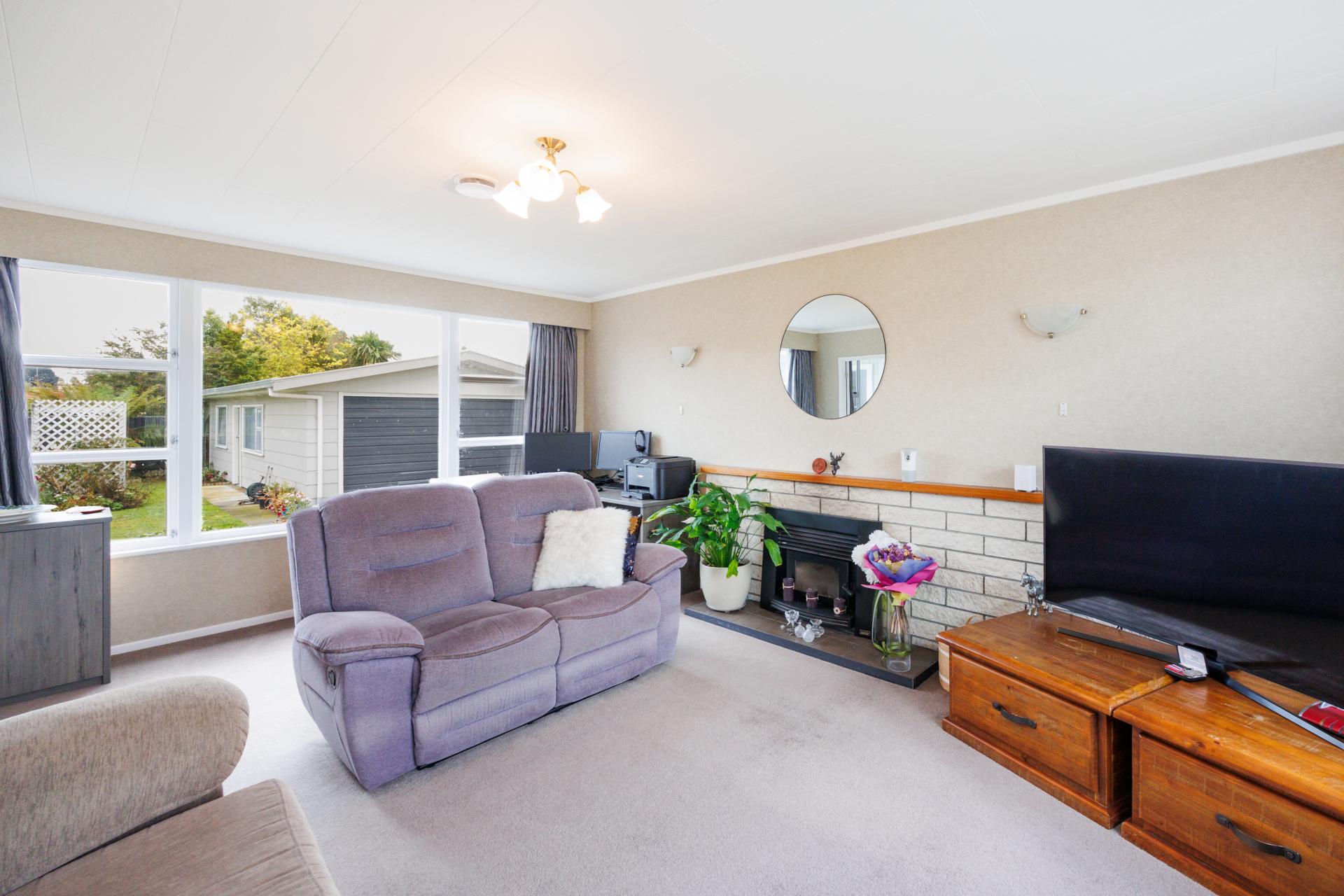 145 Stanford Street, Ashhurst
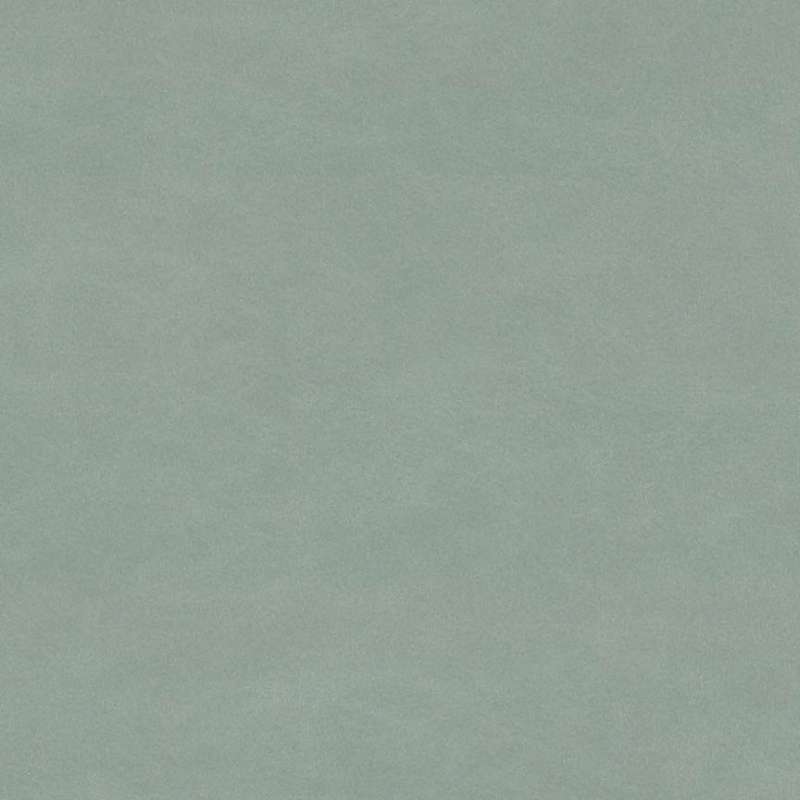 Polished #10 Seafoam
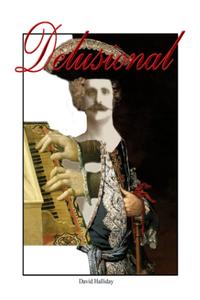 Delusional (Independently published)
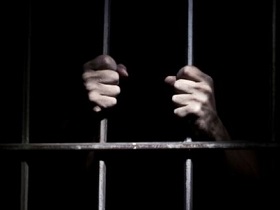 Bahrain: Assault and torture against prisoners of conscience in Dry Dock Prison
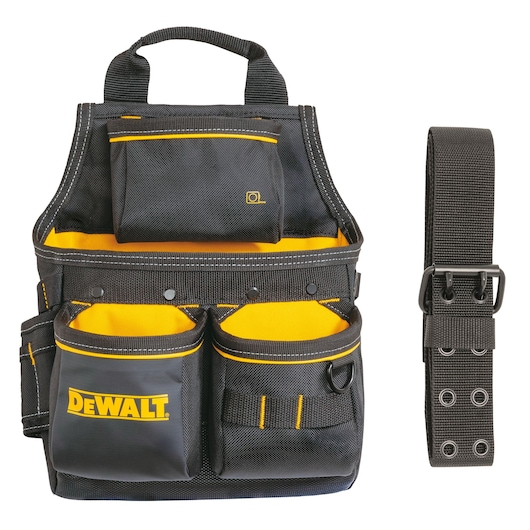 pouch-with-tool-belt-dwst40201-1-dewalt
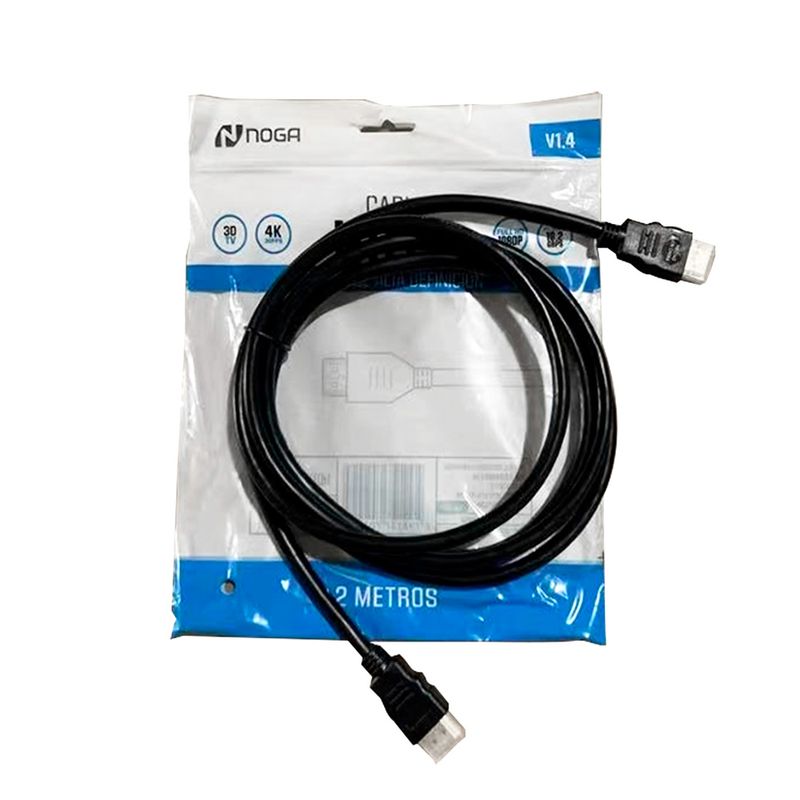 Cable-HDMI-2Mts-2-0V-Bolsa-4K-Noga-Cable-Hdmi-2mts-2-0v-Bolsa-4k-Noga-2-1030736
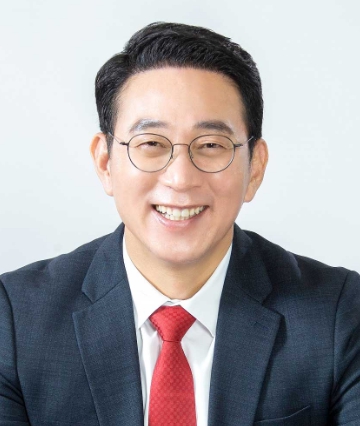 방인섭 울산시의원, 해양오염물질 저장사업에 민간업체 진출가능성 모색 간담회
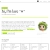 lace's little. house place. i guess. main page yay avatar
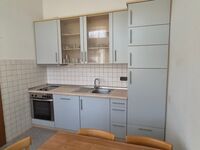 H - K Monteurzimmer Bild 5 H - K Monteurzimmer Bild 5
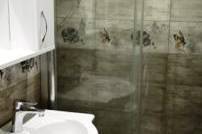 For Rent, 2 Room, New building, Tbilisi, Didube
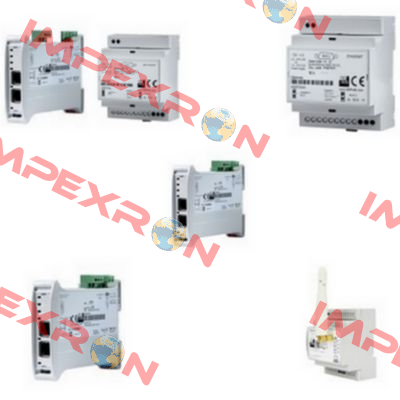 HD67811-KNX-B2-868MHz-80 ADFweb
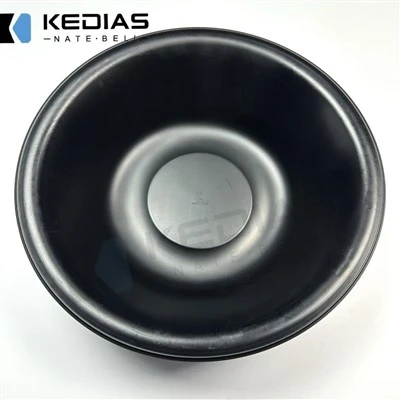 PU BKS Diaphragm For 298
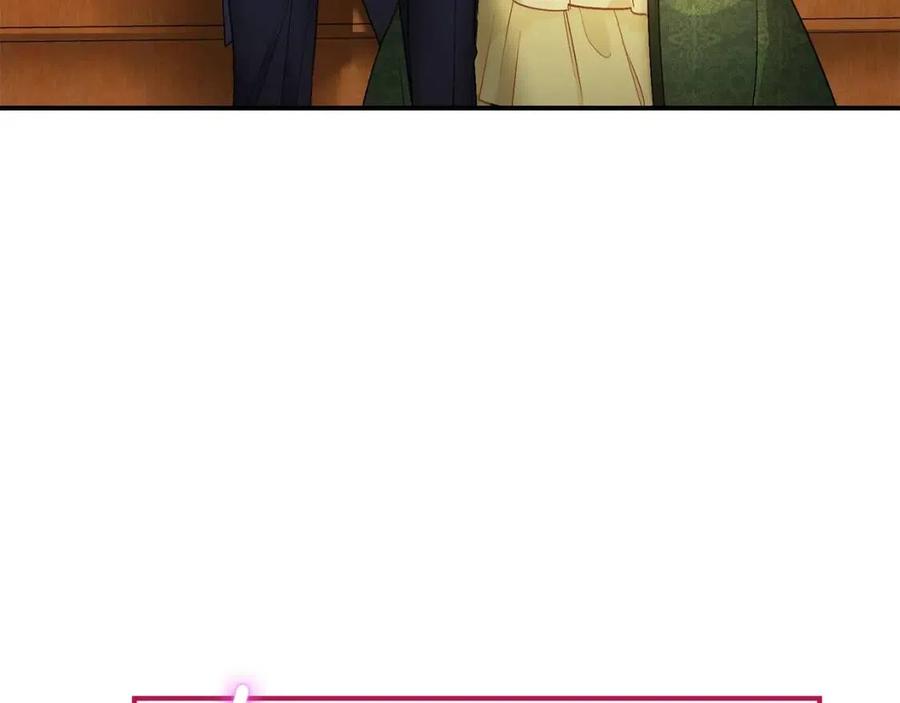 第61话 重获新生137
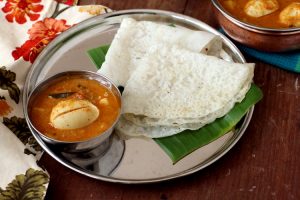 mangalorean egg curry recipe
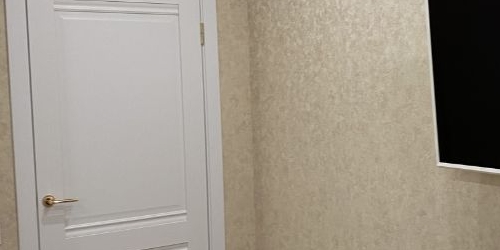 1-комн квартира Лиговский проспект, 271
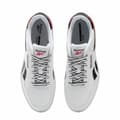 Miniatyrbild 3 av 5: Sportskor Casual Herr Reebok Court Advance Vit - 40.5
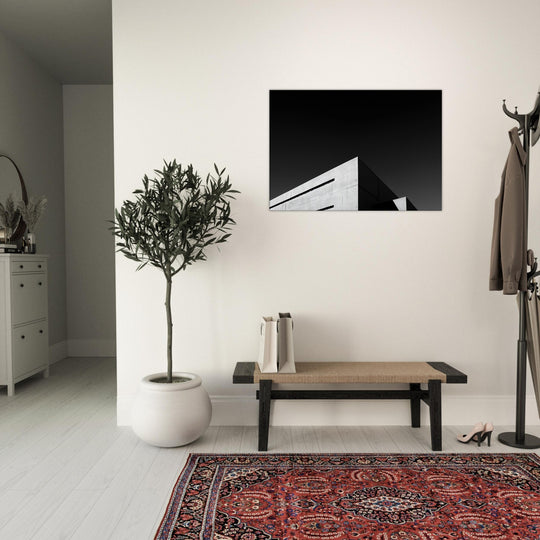 676d43c7-03a5-4a8a-bbf7-44f749574071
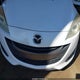 JM1CW2CLXF0188547 2015 Mazda Mazda5 Touring auction photo thumbnail 6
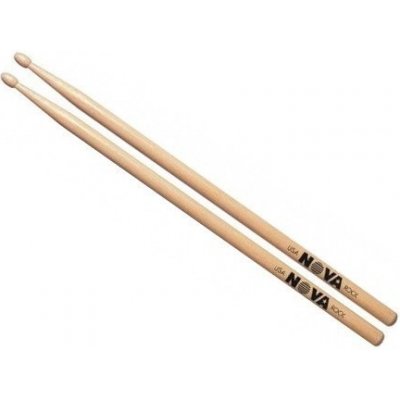 Vic Firth Nova Rock – Hledejceny.cz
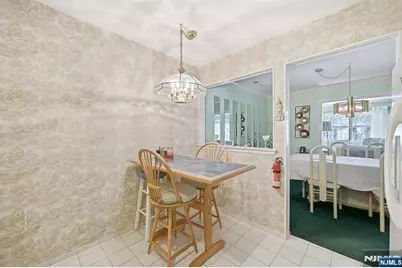 41 Lexington Lane F #F, West Milford, NJ 07480 - Photo 9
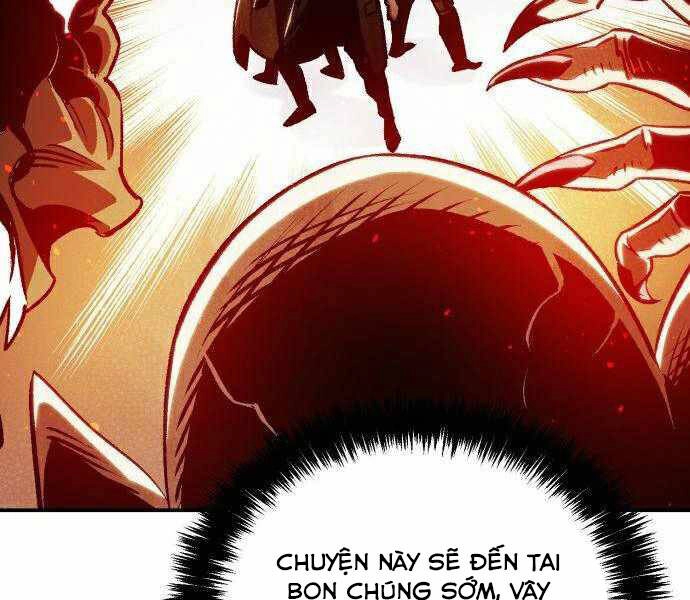 Độc Cô Tử Linh Sư Chapter 21 - 159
★ ★ ★ ★ ★
• [TASK TO CARRY OUT]
Everything in the records except the pictures should be printed again exactly.

• [ANSWER BELOW]
 145 Stanford Street, Ashhurst
 Polished #10 Seafoam
 Delusional (Independently published)
 Bahrain: Assault and torture against prisoners of conscience in Dry Dock Prison
 pouch-with-tool-belt-dwst40201-1-dewalt
 Cable-HDMI-2Mts-2-0V-Bolsa-4K-Noga-Cable-Hdmi-2mts-2-0v-Bolsa-4k-Noga-2-1030736
 방인섭 울산시의원, 해양오염물질 저장사업에 민간업체 진출가능성 모색 간담회
 lace's little. house place. i guess. main page yay avatar
 H - K Monteurzimmer Bild 5 H - K Monteurzimmer Bild 5
 For Rent, 2 Room, New building, Tbilisi, Didube
 HD67811-KNX-B2-868MHz-80 ADFweb
 PU BKS Diaphragm For 298
 第61话 重获新生137
 mangalorean egg curry recipe
 1-комн квартира Лиговский проспект, 271
 Miniatyrbild 3 av 5: Sportskor Casual Herr Reebok Court Advance Vit - 40.5
 676d43c7-03a5-4a8a-bbf7-44f749574071
 JM1CW2CLXF0188547 2015 Mazda Mazda5 Touring auction photo thumbnail 6
 Vic Firth Nova Rock – Hledejceny.cz
 41 Lexington Lane F #F, West Milford, NJ 07480 - Photo 9
 Độc Cô Tử Linh Sư Chapter 21 - 159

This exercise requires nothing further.